How can one so wise and blessed and loved by God fall so horribly? You have to ask yourself that question when you consider this eleventh chapter. Well, he was weakened by wealth and luxury.

That's true, but that's not all of it. He was ensnared by the talent that he had because he exercised that talent without spiritual devotion. Just the intelligence, the wisdom that God gave him without God. He reached a point where I got this on his own.

First Kings, chapter 11. This is a big chapter. It's big because of what's going on in our relationship to God, our understanding of God, our purpose in life.

It all sort of just lands right here. The value to the seasoned believer on such a consideration is to take this to the world. To be stirred up and you are armed with a theme should God bring someone your way to share Christ. Rule number one with God. Don't honor non-existent gods. Don't put them in front of me and God is everywhere.

That means you can't put them anywhere. Exodus 20, verse 3, you shall have no other gods before me. He's not talking about in sequence or order. You can have God and then you can have another God. When he says not before me, he doesn't mean it that way.

He means that I don't want them put in front of me. And of course God sees everywhere. Verses 1 through 8 tell us about the women that Solomon turned to. Now he turned from God to them.

He sought to kind of figure out a way to make them both work. Verses 9 through 43, the adversaries that turned on Solomon because Solomon had turned from God. And hopefully we'll get that next session. I always feel like when I say next session, we might not be here for the next session. There's always that chance of rapture and I want to just comfort you with these words. I will teach you in heaven the continuing sections. You know, Lord be so busy doing other things that I figure.

So tell me what happens. Anyway, I want to introduce this through Ezekiel the prophet who is sort of one of the unsung prophets of the Bible. I don't know why he doesn't get more recognition. There's so much in that he's a weirdo prophet in some ways, but he delivers the point every time. So anyway, one of my favorites, Ezekiel chapter 8 verse 14. He gets a vision. God is giving him a vision. They come to, they gathered before Ezekiel, the captives there in Babylonian captivity and they gather before him and God gives him this vision while they're there. And part of the vision comes to the events that are taking place on the temple mount where the house of God is in Jerusalem. Of course, they're removed from it as captives.

The temple has not yet been destroyed. Ezekiel says, so he brought me to the door of the north gate of Yahweh's house and to my dismay women were sitting there weeping for Tammuz. This is, he's devastated.

He says, to my dismay. It was devastating. He understood the value of the women in the home and therefore the kingdom. He understood that if the devil taught the women, the women would infect the children. And thus the kingdom. Here these women were weeping over this fake God that according to the doctrine of that God, he died in the wintertime, but he would revive in the springtime and bring with it, you know, the fruits and the harvest and all these things that everybody, you have to live with, live by.
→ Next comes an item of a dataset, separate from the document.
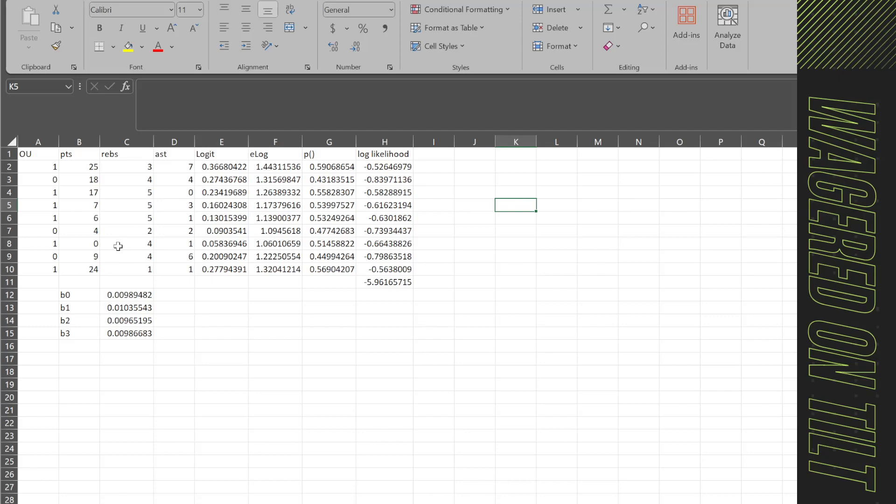Just so that everybody understands, logistical regression is somewhat similar to linear regression where you're going to have a bunch of independent variables trying to predict the dependent variable. Now the difference though is that with linear regression, we have a bunch of stats, the points, rebounds, assists, those are trying to predict something within a continuous scale, whereas logistical regression is trying to classify something. So it's more binary, true, false, 1-0, yes, no, win, loss, things like that.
But he wasn't finished. Seeing the women worshipping this fake God weeping over, oh he's dead, he's gone, but he'll rise again, kind of a bogus resurrection that Satan had infused many of the pagans with and that's not the only God that was like that. Anyway, he continues in verse 16, so he brought me into the inner court of Yahweh's house and there at the door of the temple of Yahweh, between the porch and the altar, between the place of sacrifice and the entrance to God's presence, were about 25 men with their backs towards the temple of Yahweh and their faces toward the east and they were worshipping the sun toward the east.

Well, you know, an agrarian society, they lived off of the land and the sun and the crops and all these things, life support for them, but they worshiped the created things and they bypassed the creator, trampling the first commandment at God's house. Well, Solomon is the one that really imported this stuff. I mean, Saul tried to put all of the witches out of Israel and then he goes to one towards the end of his life out of desperation. Even Saul did not import this, not on nowhere near the scale that we're going to find Solomon does in this chapter and I'm approaching this as though you're already kind of an idolatry he brought into the house of God. Ezekiel knew men were the first line of defense and they weren't defending, they were doing the devil's work by trampling the first commandment. Again, Ezekiel chapter 8, now the 17th verse, Yahweh speaking to him, Have you seen this, O son of man? Is it a trivial thing to the house of Judah to commit the abominations which they commit here?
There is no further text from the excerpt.